◆ **Exercise brief**:
Return only those lines of the material that contain "Girl".

● ● ● ● ● ● ●

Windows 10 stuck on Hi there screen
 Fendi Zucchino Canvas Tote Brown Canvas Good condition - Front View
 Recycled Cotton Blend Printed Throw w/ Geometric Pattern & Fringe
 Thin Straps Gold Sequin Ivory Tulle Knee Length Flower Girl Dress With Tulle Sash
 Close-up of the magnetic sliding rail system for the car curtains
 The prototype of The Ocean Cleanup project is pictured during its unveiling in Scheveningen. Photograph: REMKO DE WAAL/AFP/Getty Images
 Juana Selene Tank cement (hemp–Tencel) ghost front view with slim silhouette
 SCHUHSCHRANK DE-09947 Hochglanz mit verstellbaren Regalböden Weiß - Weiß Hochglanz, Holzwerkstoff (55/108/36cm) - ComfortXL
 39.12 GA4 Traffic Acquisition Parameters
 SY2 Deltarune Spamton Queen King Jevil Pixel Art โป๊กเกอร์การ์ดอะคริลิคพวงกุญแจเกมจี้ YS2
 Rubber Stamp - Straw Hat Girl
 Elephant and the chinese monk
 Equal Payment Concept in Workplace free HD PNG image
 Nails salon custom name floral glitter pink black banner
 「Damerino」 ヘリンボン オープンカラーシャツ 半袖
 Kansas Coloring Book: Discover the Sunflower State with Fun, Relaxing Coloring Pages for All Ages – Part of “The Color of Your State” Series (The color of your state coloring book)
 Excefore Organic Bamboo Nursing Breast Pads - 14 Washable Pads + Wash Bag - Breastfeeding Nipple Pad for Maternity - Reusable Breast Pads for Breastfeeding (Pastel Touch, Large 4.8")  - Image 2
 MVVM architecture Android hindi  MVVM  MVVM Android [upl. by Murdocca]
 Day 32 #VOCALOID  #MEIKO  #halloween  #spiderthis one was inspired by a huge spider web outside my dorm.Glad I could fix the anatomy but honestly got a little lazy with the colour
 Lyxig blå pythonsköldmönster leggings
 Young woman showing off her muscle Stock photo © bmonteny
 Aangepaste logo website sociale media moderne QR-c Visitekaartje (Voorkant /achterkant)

● ● ● ● ● ● ●

◆ **Output of the task**:
 Thin Straps Gold Sequin Ivory Tulle Knee Length Flower Girl Dress With Tulle Sash
 Rubber Stamp - Straw Hat Girl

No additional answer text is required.